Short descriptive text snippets
BEGIN

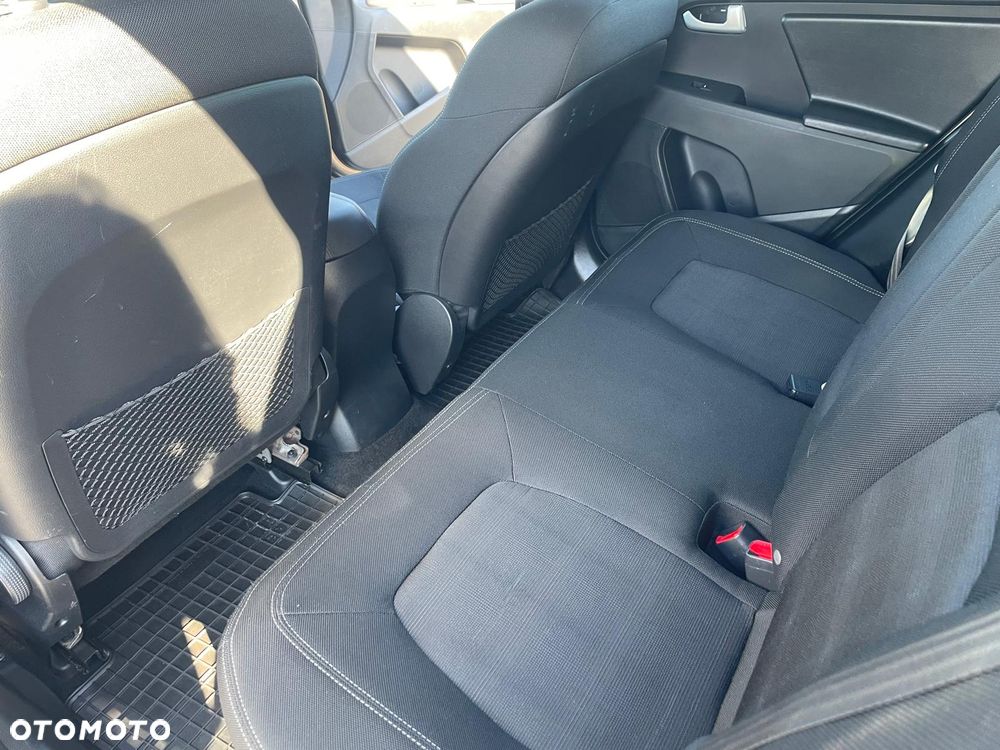 Kia Sportage 2.0 L - 15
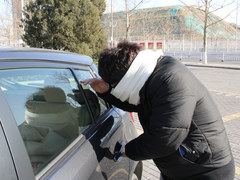 汽車安全手冊：關(guān)注女性駕車安全細節(jié)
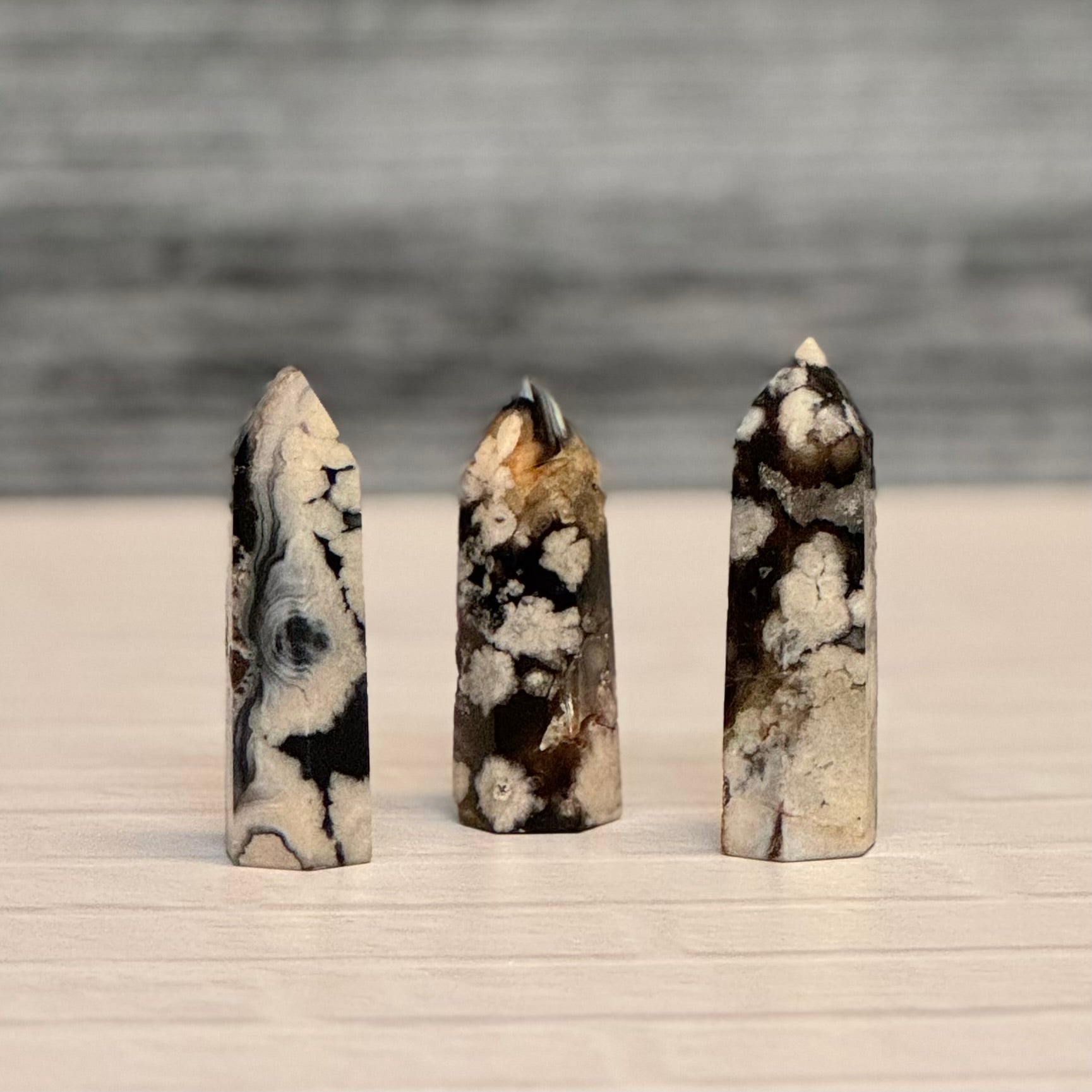 Black flower agate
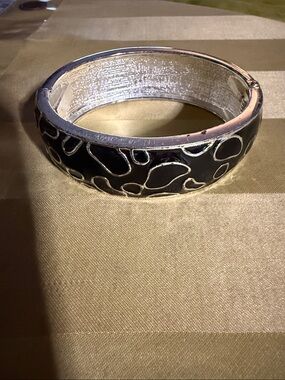 Black Enamel Patterned Bangle Bracelet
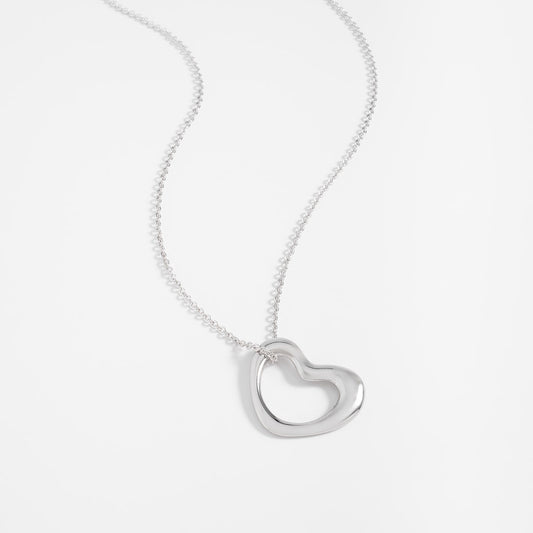 Collar con dije de corazón pulido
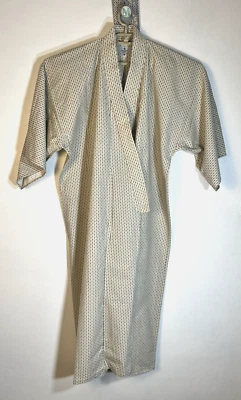 Four Seasons Hotel Kyoto Talla Grande Beige con Bata Kimono Rayas Azules, SIN CINTURÓN Foto 1 de 4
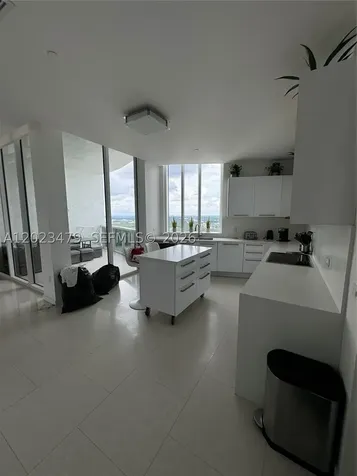 16001 Collins Avenue Sunny Isles Beach FL 33160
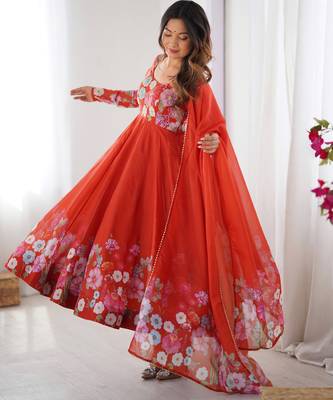 Floral Printed Organza Anarkali Kurta With Cotton Silk Pant And Dupatta. 3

END

# Problem details
Without including the pictures, reproduce all entries exactly.

# Solved exercise
 Kia Sportage 2.0 L - 15
 汽車安全手冊：關(guān)注女性駕車安全細節(jié)
 Black flower agate
 Black Enamel Patterned Bangle Bracelet
 Collar con dije de corazón pulido
 Four Seasons Hotel Kyoto Talla Grande Beige con Bata Kimono Rayas Azules, SIN CINTURÓN Foto 1 de 4
 16001 Collins Avenue Sunny Isles Beach FL 33160
 Floral Printed Organza Anarkali Kurta With Cotton Silk Pant And Dupatta. 3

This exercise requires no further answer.